[Image-text web data]
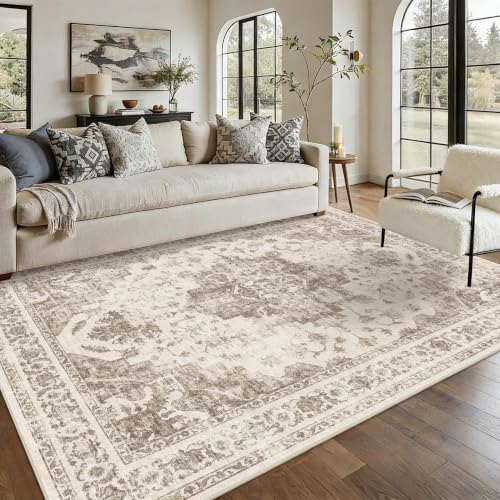 5x7 Washable Bedroom Area Rug Non-Slip Medallion Taupe Throw Carpet by HOME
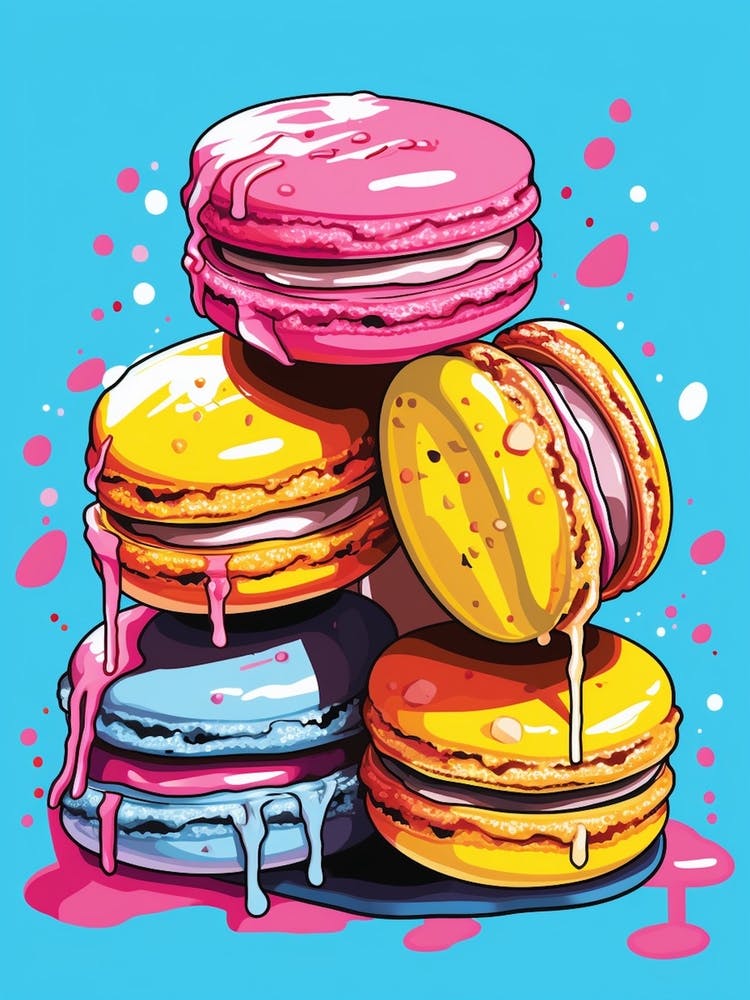 Dripping Pop Art Macaron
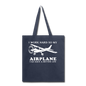 I Work Hard - Airplane Better Life - White - Tote Bag - navy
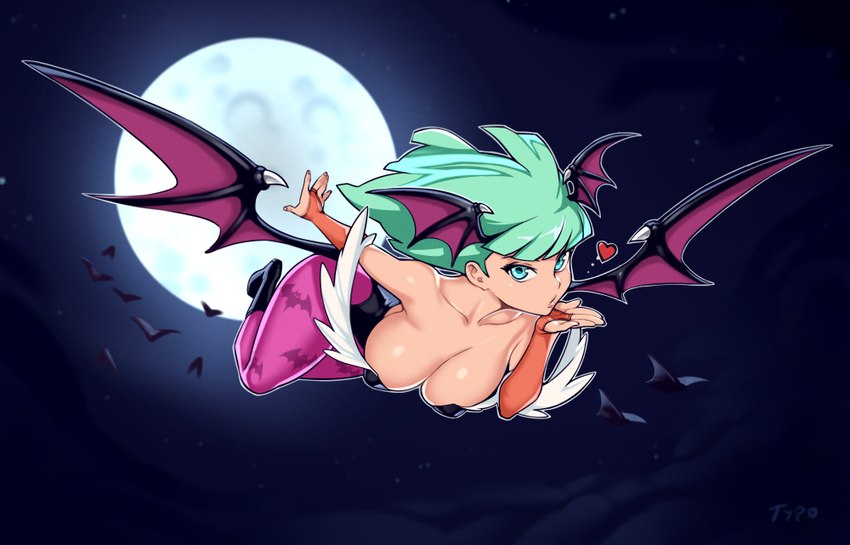 armwear breasts cleavage clothed clothing cloud female flying footwear full_moon heart_symbol leotard light_body light_skin membrane_(anatomy) membranous_wings moon night not_furry solo wings requiemdusk capcom darkstalkers morrigan_aensland bat demon demon_humanoid humanoid mammal 2017 signature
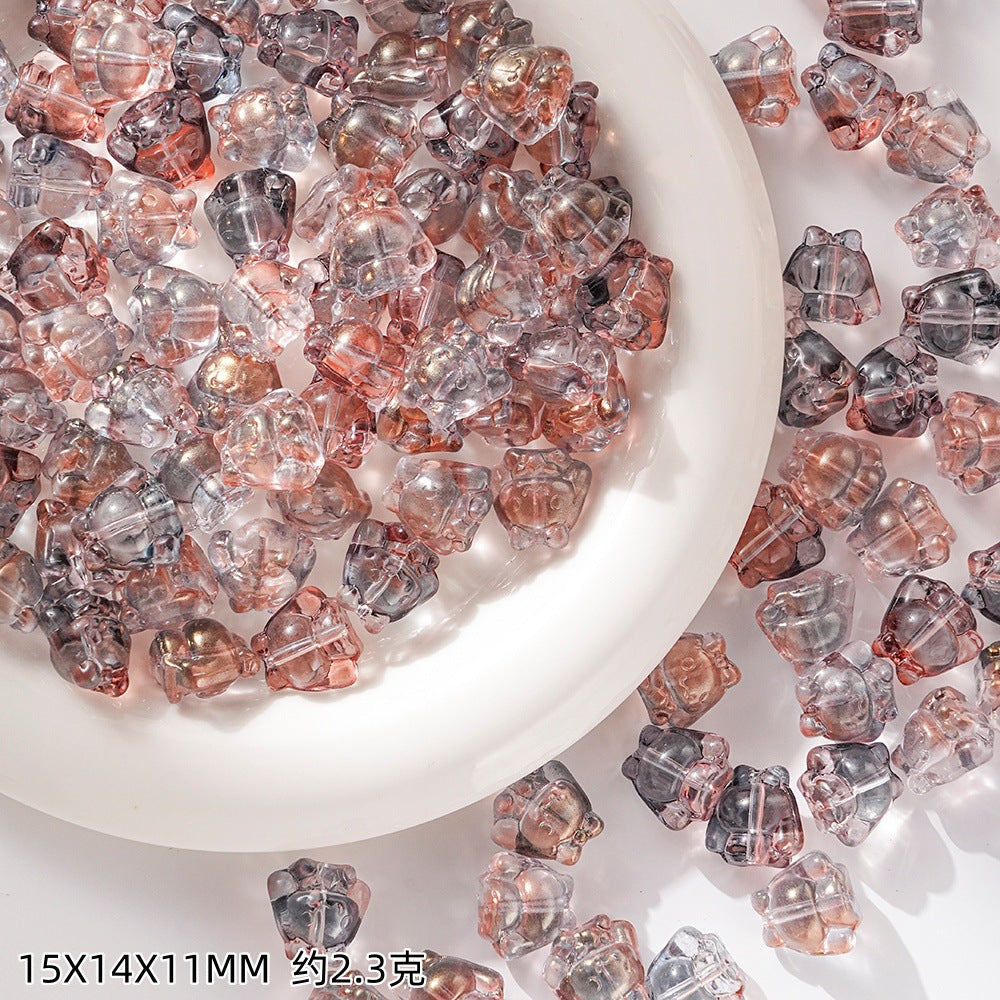Clear Cartoon Cinnamorol Glass Beads 15mm Mixed Colors 50pcs 13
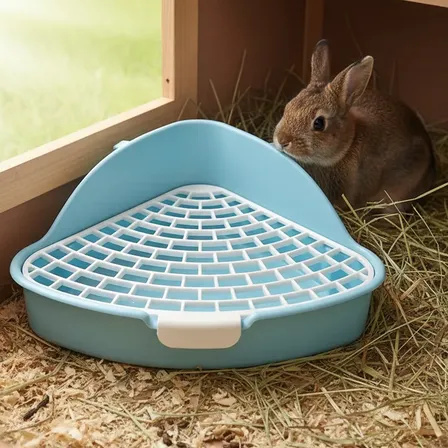 Baño Bandeja Esquinero Para Conejo Chinchilla Cobayo Hurón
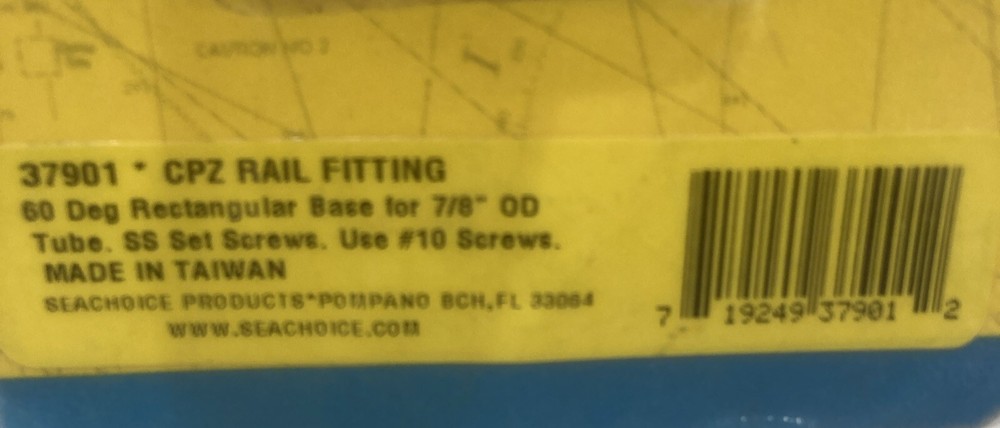 SEACHOICE 37901 RECTANGULAR BASE RAIL FITTING 60DEGREE CHROME ZAMAK BOATINGMALL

EXERCISE OBJECTIVE: Could you transcribe every entry above exactly, leaving out the images?

SOLUTION FOR THIS PROBLEM:
 5x7 Washable Bedroom Area Rug Non-Slip Medallion Taupe Throw Carpet by HOME
 Dripping Pop Art Macaron
 I Work Hard - Airplane Better Life - White - Tote Bag - navy
 armwear breasts cleavage clothed clothing cloud female flying footwear full_moon heart_symbol leotard light_body light_skin membrane_(anatomy) membranous_wings moon night not_furry solo wings requiemdusk capcom darkstalkers morrigan_aensland bat demon demon_humanoid humanoid mammal 2017 signature
Clear Cartoon Cinnamorol Glass Beads 15mm Mixed Colors 50pcs 13
 Baño Bandeja Esquinero Para Conejo Chinchilla Cobayo Hurón
 SEACHOICE 37901 RECTANGULAR BASE RAIL FITTING 60DEGREE CHROME ZAMAK BOATINGMALL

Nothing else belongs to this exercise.